• _WORK TO BE COMPLETED_: Every line from the line containing "Acura NSX (2017) Sports Car Coloring Page" through the end of the data is to be reproduced exactly, excluding pictures.

[DATA SECTION Boundary: Start]

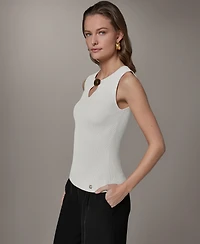 Donna Karan New York Women's Sleeveless Keyhole Sweater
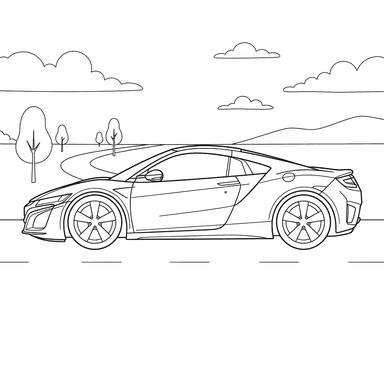 Acura NSX (2017) Sports Car Coloring Page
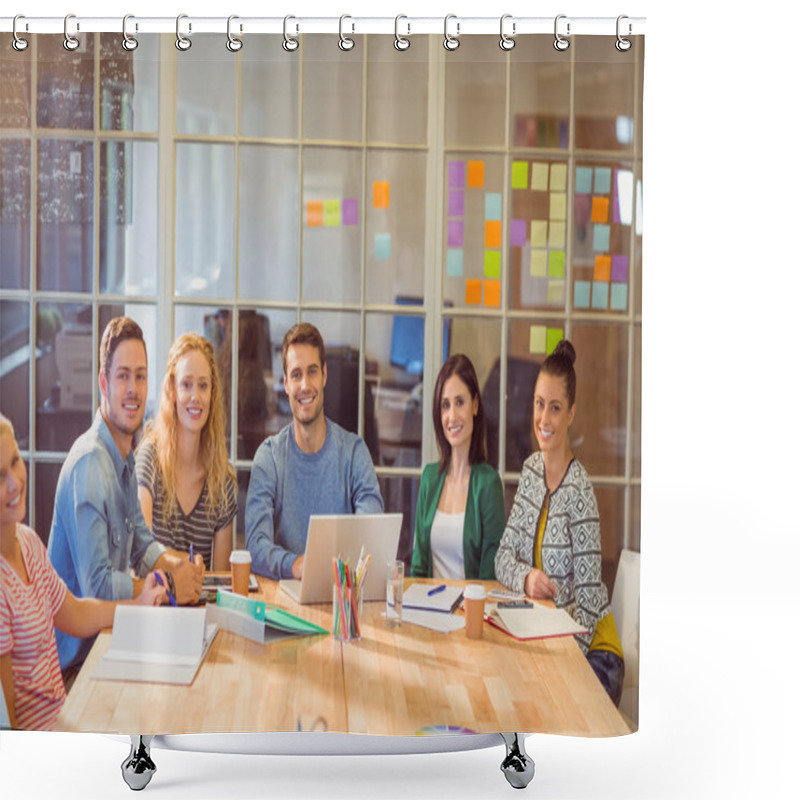 Personality  Group Of Young Colleagues Using Laptop Shower Curtains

[DATA SECTION Boundary: End]

• _SOLUTION TO THE PROBLEM_:
 Acura NSX (2017) Sports Car Coloring Page
 Personality  Group Of Young Colleagues Using Laptop Shower Curtains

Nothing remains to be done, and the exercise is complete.